Stick an LED and resistor in there.  If you choose the resistor to allow 10ma through the LED and don't reverse polarity to it, it will last forever.


----------



## Brian Rupnow (Jan 27, 2014)

Guys--I was overthinking this one. I can do it without a relay. All I will need is the extra wire to return the hot feed from the light back to the frame of my engine which will be grounded to the negative side of the battery. Crap-o-cad sketch attached----


----------



## canadianhorsepower (Jan 27, 2014)

thats the picture I sent you
 but in a manual drawing as long as it works for you


----------



## Brian Rupnow (Jan 27, 2014)

Thanks Luc---Brian


----------



## Brian Rupnow (Jan 28, 2014)

After gathering up all my parts for the power box, I couldn't decide just how to arrange things. I need room for a coil, a red indicator "power on" light, a switch, and storage for my wires. This morning I woke up at some heathenish hour and couldn't get back to sleep, so I got up and laid it all out on CAD. Haven't decided just what I'm going to do for a latch or a handle, but they shouldn't be a big deal. I think this looks pretty good considering I am working with a recycled "box". I might have to put some insulating rubber between the end of the coil and my light and switch, but then again, I might not.


----------



## cfellows (Jan 28, 2014)

Brian, just a thought, on my original Odds n Ends engine, I used a standard ignition with points, condenser, and coil. But instead of a car battery, I used a rechargeable RC battery.

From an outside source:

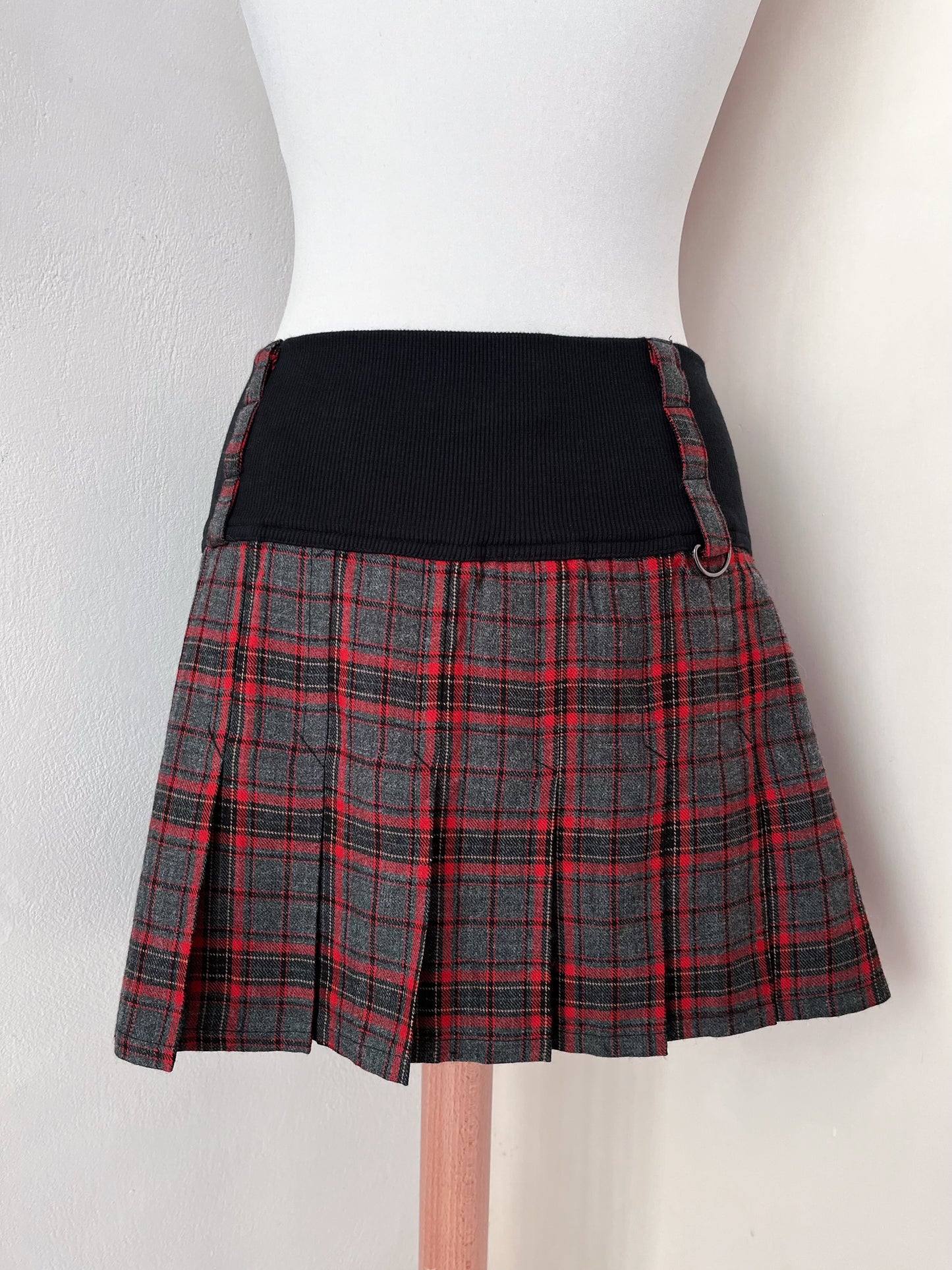 00’s checked wool skirt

The RC battery is about 2" x 4" and maybe 5/8" thick so it would fit inside you power box. Mine is 9.6 volts but you can also get 12v that are about the same size. Mine is NiCad and will power the engine for hours of running between charges.

Chuck


----------



## Brian Rupnow (Jan 28, 2014)

Thank you very much Chuck. I've gone a bit too far for that change now, but I will certainly file that for future reference.----Brian


----------



## Brian Rupnow (Jan 30, 2014)

The power box is finished. I have reached a point where I didn't want to cobble some wiring together to try and start the opposed piston engine, so I took today and completely finished the power box. There are two pics of it with all its wires hanging out. I have not shown the one wire with an alligator clip on each end that connects the engine frame to the negative side of the battery.--Mainly because I had one red alligator clip and one black one, and that particular "jumper" should never be hooked to the positive side of the battery---so I painted the red alligator clip black and now its hanging in the furnace room drying. I have also shown a picture of the box closed up with all of the wires tucked away inside of it. The last 2 1/2" of coil wire is glued inside a 0.335" diameter wooden dowel, with bare wires showing at the end which inserts into the coil. That way I can insert it from outside the box and not have to be terribly concerned about it going into the hole in the end of the coil. I tried to find a hardware store handle, but they didn't have anything that would fit, so I made my own handle. I bought a "draw down" latch, and for once I actually got the holes drilled in the right place. If you have ever installed one of those miserable things, its almost a magic trick to get the two halves so that they actually do "cam over" and draw the lid down tight and stay latched. I just picked up 2 or 3 days of engineering work this morning, so the start up of the opposed piston engine might get delayed a day or two.---I hate to turn away work---that's what buys all my machine shop stuff!!!


----------



## Brian Rupnow (Mar 31, 2021)

An update---Concerning different size wires and sparkplug boots---.---Find a piece of wooden dowel that is a "good" fit into the end of the coil, and long enough to stick out thru the hole in the box about 1" when it is seated in the coil.  Drill a hole lengthwise thru the piece of wood, big enough to run the insulated coil wire completely thru it. The coil wire should be about 18" long between the sparkplug boot and the bare end which fits into the wood. Cut about 3/4" of insulation away from the non sparkplug end of the coil wire. Coat the last 3" or 4 " of the stripped end of the coil wire and coat it with slow setting glue and push it thru the wood until the bared end sticks out of the wood. Fold the wires back over the outside of the wood, coat them with glue and smooth them against the wood. Now, when dry, you can insert the wood thru the hole in the box into the coil.---If you require a different sparkplug boot, make up a second coil wire assembly. the 1" of wood which extends beyond the side of the box lets you grip the wood in your fingers and pull it completely out, then you can push in a different coil wire assembly.


----------